Pictures excluded, copy every record that follows exactly as it appears.

Segment Start: Material for the task

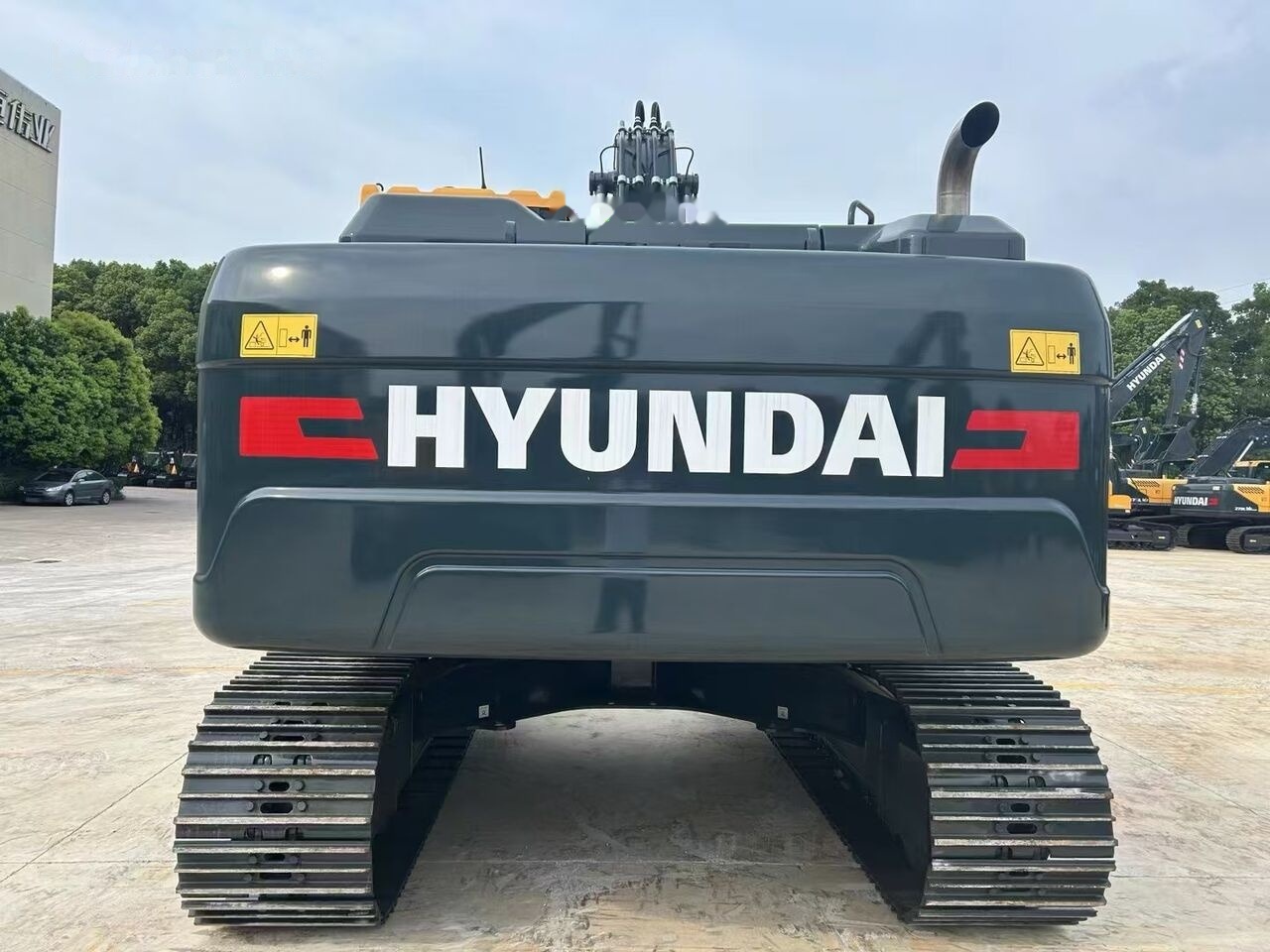 Hyundai HX220 - Crawler excavator: picture 1 Hyundai HX220 - Crawler excavator: picture 1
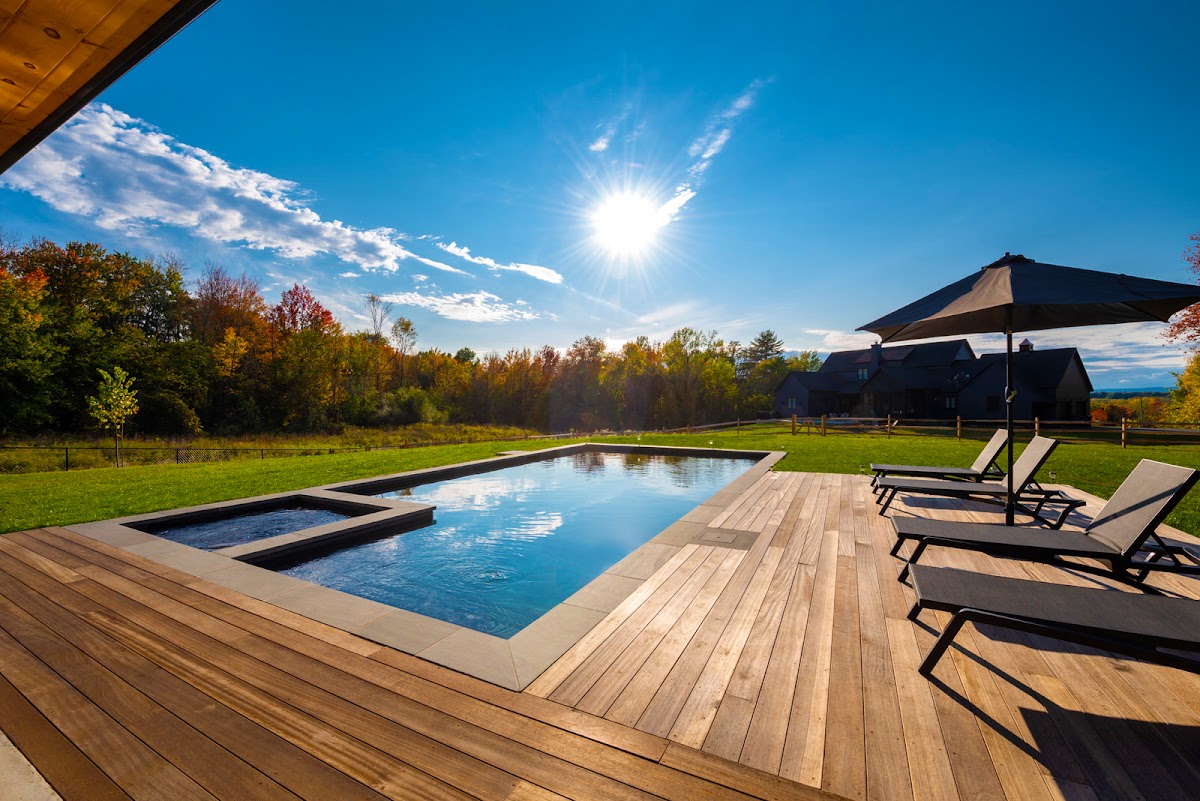 Eastern Aquatics | Gunite Swimming Pool Builders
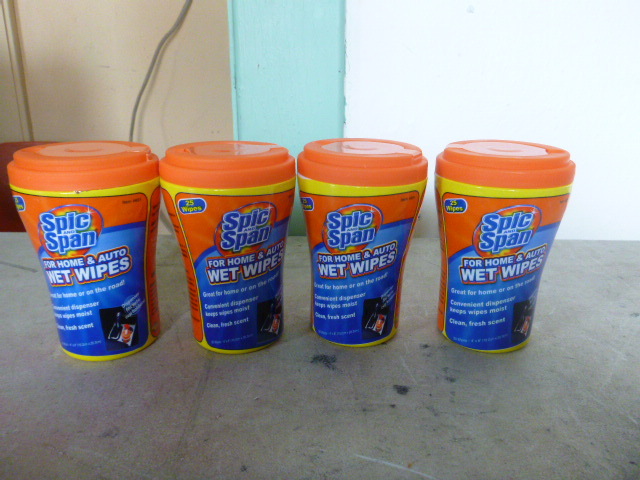 4 Containers of Spic & Span Wet Wipes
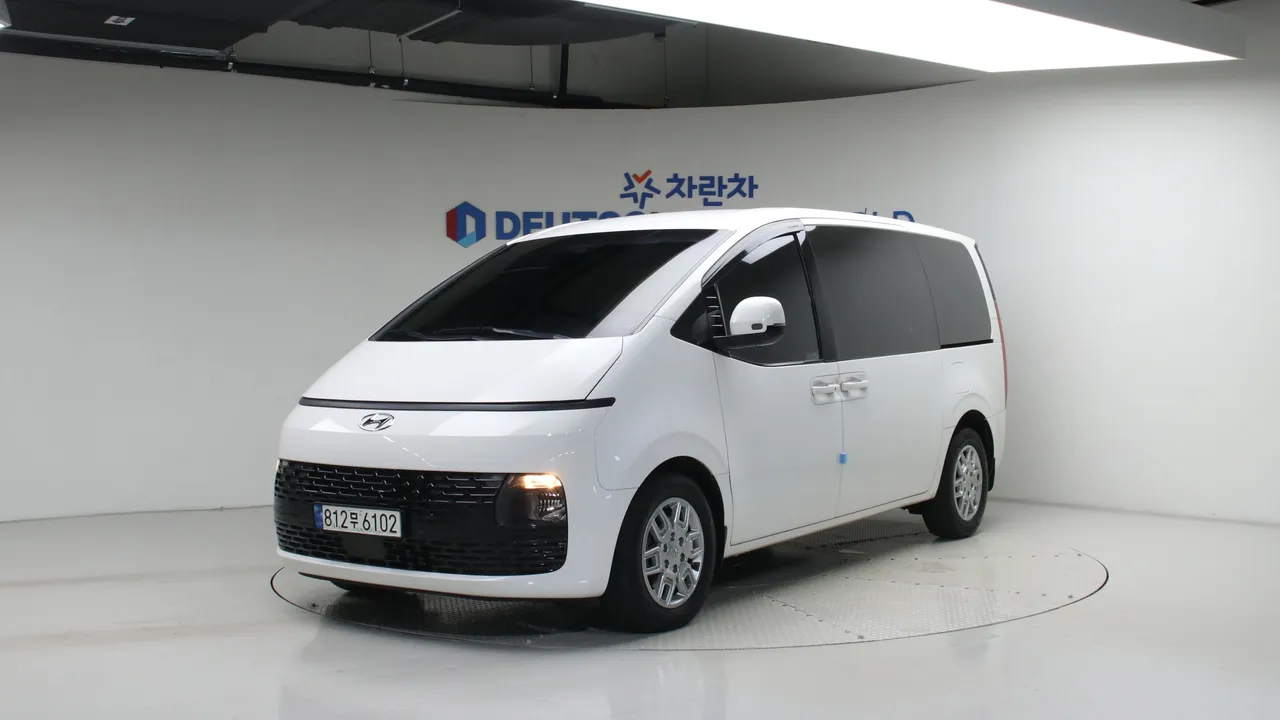 Hyundai Staria 2.2 2WD 카고 3인승 모던 — foto 1
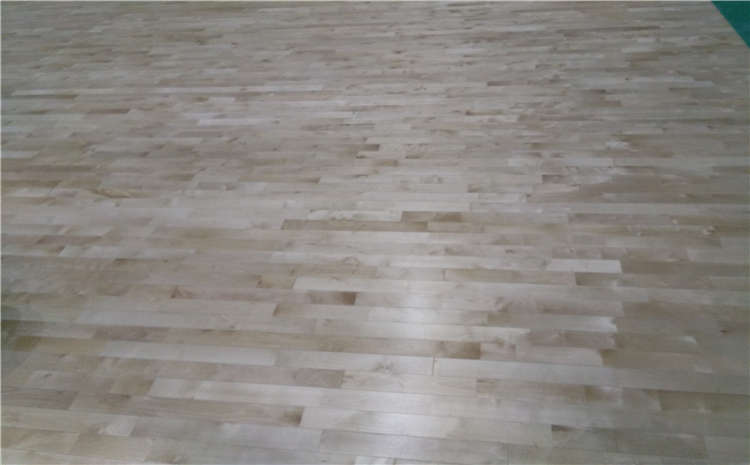 籃球場木地板的設(shè)計和安裝怎么樣？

Segment End: Material for the task

[The answer]:
 Hyundai HX220 - Crawler excavator: picture 1 Hyundai HX220 - Crawler excavator: picture 1
 Eastern Aquatics | Gunite Swimming Pool Builders
 4 Containers of Spic & Span Wet Wipes
 Hyundai Staria 2.2 2WD 카고 3인승 모던 — foto 1
 籃球場木地板的設(shè)計和安裝怎么樣？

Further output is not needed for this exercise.